GM’s Cruise Wins the Race to Charge for Driverless Rides

GM’s Cruise is going to have legitimate robo-taxis in San Francisco in just a few weeks.

byNico DeMattia|
GM News photo

As of Thursday, June 2, GM's self-driving car service Cruise, secured a permit to charge customers for driverless car rides in San Francisco. With federal regulations moving too slowly, self-driving services such as Cruise, Google's Alphabet Inc., and Waymo have been turning toward state and even city legislators to help push driverless car laws forward. According to Reuters, Cruise just took a big step forward in San Francisco and will have up to 30 driverless Chevy Bolts charging customers for rides in just a couple of weeks.

The California Public Utilities Commission (CPUC) approved Cruise's permit in a 4-0 vote, beating out Alphabet and Waymo for San Francisco's driverless ride-hailing privileges. Previously, Cruise and Waymo vehicles had been testing self-driving vehicles in San Francisco but they were either for employees or free public testing and almost always had a safety driver behind the wheel in case of emergency. Now, Cruise can actually charge customers, as a fully-functioning, driverless ride-hailing service.

"This resolution marks another important step in that effort," said CPUC commissioner Commissioner Clifford Rechtschaffen. "It will allow our staff to continue to gather very important data that will support the development of future phases."

There will be some pretty strict limitations on when and how Cruise's driverless taxis will work. Not only will they be limited to 30 miles per hour, they will be restricted from highways, geo-fenced into areas that avoid downtown, restricted from driving in harsh weather such as heavy rain or fog, and will only be allowed to operate between the hours of 10 p.m. and 6 a.m. There were some concerns from local police and fire departments about safety, after incidents of self-driving Cruise test vehicles causing safety hazards, such as blocking a firetruck during a three-alarm fire and allowing passengers to exit the car in the middle of the street.

Another recent incident saw a self-driving Cruise car stop unexpectedly, causing a cyclist to crash into it, sustaining injuries. The cyclist's lawsuit was settled out of court, last month. There were also incidents where Cruise vehicles were unable to drive outside of lane markings, which caused issues with parked trucks or cyclists on the side of the road. However, Cruise has apparently fixed all of those issues well enough for the CPUC board to approve its permit.

While there are still questions surrounding how a completely driverless car can respond to unpredictable human behavior, Cruise's cars apparently lean toward caution.

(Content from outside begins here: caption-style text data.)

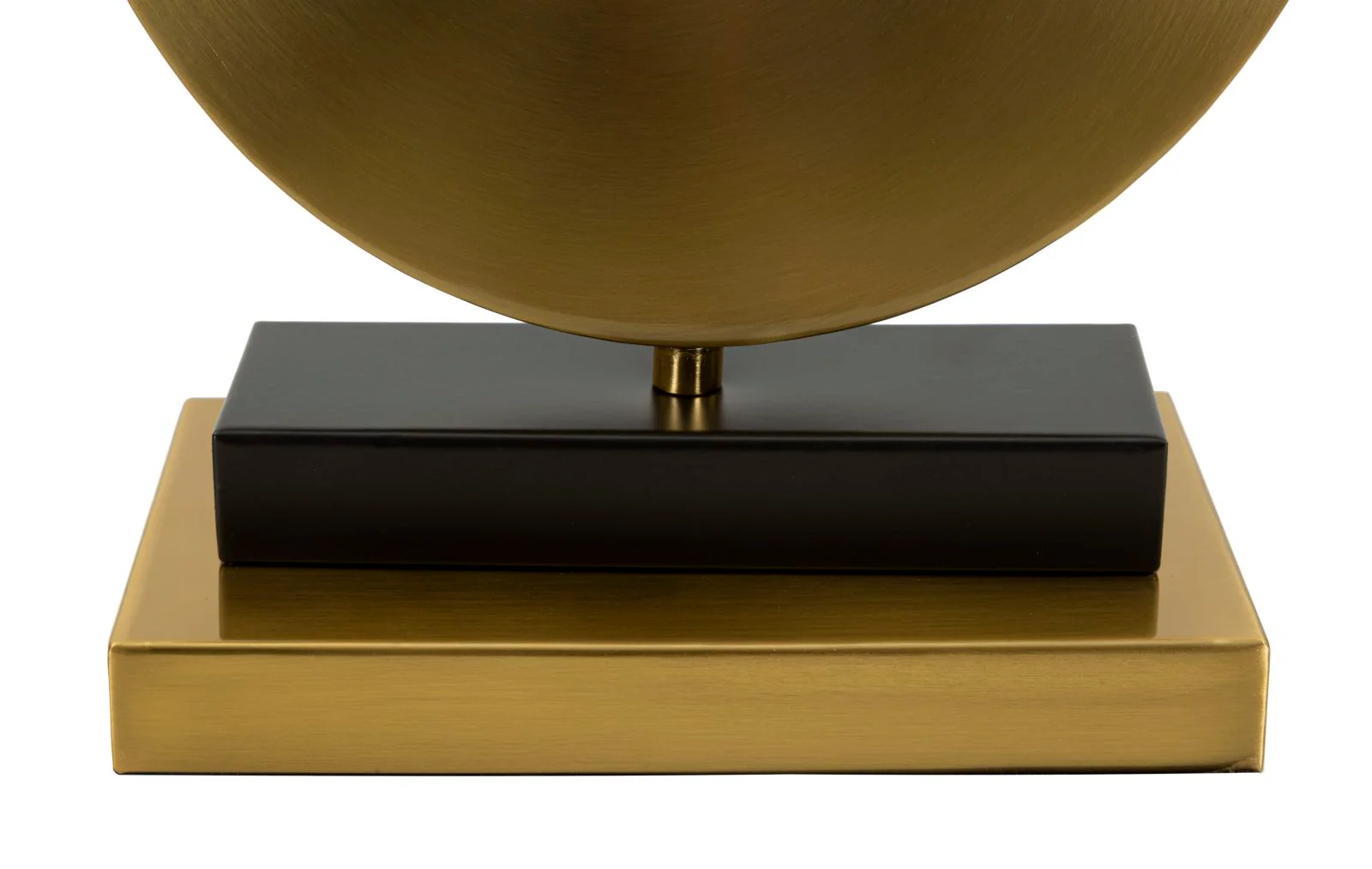 Lampada da Tavolo Eleganza Coin ø 30x53 - Image 2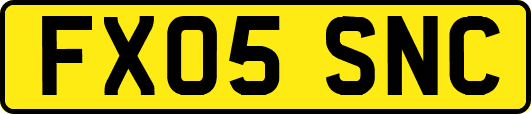 FX05SNC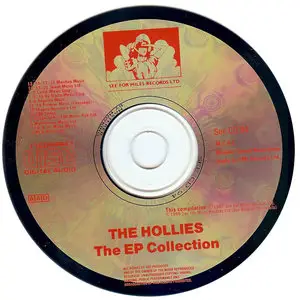 The Hollies - The EP Collection (1987)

Cruise claims its vehicles are programmed to understand the unpredictability of human drivers and drive incredibly defensively.

We're likely still a long way from fully-functioning driverless taxis, which are able to drive everywhere and anywhere entirely on their own. However, this is the first of many steps to reach that point and San Francisco residents should be able to partake in some of the city's first official robo-taxi rides in just a few weeks.